This is the most direct visualization of the LangGraph graph state — nodes light up as they complete.

Zone 3 — Output Panel¶

Purpose¶

The right panel accumulates the final structured outputs as the Writer agent produces them. Content is editable before any GitHub write-back occurs.

Structured Report Card¶

TRIAGE REPORT

Severity:    🔴 HIGH
Category:    Authentication / Token Handling
Confidence:  87%

Root Cause:
  JWT expiry check in auth/middleware.py:L142 does not
  account for timezone offset. Token appears valid locally
  but fails on UTC server time.

Relevant Files:
  · auth/middleware.py (lines 138–155)
  · tests/test_auth.py (missing expiry edge case)
  · config/jwt_settings.py

Similar Past Issues:
  · #891 — Fixed 2024-11 (same root cause, different endpoint)

GitHub Comment Draft¶

A text area, pre-populated by the Writer agent, editable by the user:

## 🤖 AgentOps Triage — Issue #1042

**Severity:** High
**Root Cause:** JWT timezone handling bug in `auth/middleware.py:142`

The token expiry check uses local time instead of UTC...
[full comment text]

---
*Triaged by AgentOps Dashboard · [View full trace](#)*

Ticket Draft¶

A structured form (also pre-filled by Writer agent):

Field	Value
Title	`[Bug] JWT expiry fails on UTC server — auth/middleware.py:142`
Labels	`bug`, `authentication`, `high-priority`
Assignee suggestion	`@backend-team`
Effort estimate	`M (2–4 hours)`

Action Buttons¶

Post Comment to GitHub — posts the comment draft to the original issue (requires GitHub auth)
Create GitHub Issue — creates a new ticket with the ticket draft fields
Copy Report — copies the structured report as markdown
View in LangSmith — deep-link to the full job trace in LangSmith ( see PRD-005)

Streaming Architecture¶

SSE Event Types¶

The FastAPI backend emits the following event types over the SSE stream. Every message is emitted with an SSE id: field set to a per-job monotonically incrementing integer (e.g. id: 42).
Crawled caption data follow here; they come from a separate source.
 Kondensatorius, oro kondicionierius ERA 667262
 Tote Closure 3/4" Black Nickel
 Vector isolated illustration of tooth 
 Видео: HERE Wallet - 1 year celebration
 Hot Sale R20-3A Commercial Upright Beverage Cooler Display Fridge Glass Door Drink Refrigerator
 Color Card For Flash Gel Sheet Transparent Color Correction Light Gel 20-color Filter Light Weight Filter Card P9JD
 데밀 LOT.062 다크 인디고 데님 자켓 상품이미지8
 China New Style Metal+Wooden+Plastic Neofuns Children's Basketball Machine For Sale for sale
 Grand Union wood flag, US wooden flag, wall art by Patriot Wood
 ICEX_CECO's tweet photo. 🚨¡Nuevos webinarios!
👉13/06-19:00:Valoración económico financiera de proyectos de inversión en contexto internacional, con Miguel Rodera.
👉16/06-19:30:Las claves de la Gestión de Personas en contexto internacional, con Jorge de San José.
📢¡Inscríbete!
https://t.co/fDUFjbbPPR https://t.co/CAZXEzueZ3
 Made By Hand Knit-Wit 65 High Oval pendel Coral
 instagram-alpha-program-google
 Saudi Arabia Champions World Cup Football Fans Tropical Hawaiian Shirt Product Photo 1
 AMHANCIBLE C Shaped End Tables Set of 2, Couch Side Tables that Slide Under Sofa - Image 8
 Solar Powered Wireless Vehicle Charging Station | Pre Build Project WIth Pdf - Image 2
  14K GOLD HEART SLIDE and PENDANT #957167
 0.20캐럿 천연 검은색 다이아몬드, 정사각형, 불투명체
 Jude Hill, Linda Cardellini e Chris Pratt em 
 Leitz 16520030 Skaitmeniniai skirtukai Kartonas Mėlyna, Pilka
On reconnect the browser sends this value as the Last-Event-ID header automatically. v1 behavior: the backend reconnects the stream but does not replay missed events — Redis Pub/Sub has no message history, so events emitted during the disconnect window are silently lost. Gapless resume (e.g., via Redis Streams or a DB event log) is a v2 concern. See PRD-008 §Token Expiry During an Active Stream for the token-expiry reconnect flow.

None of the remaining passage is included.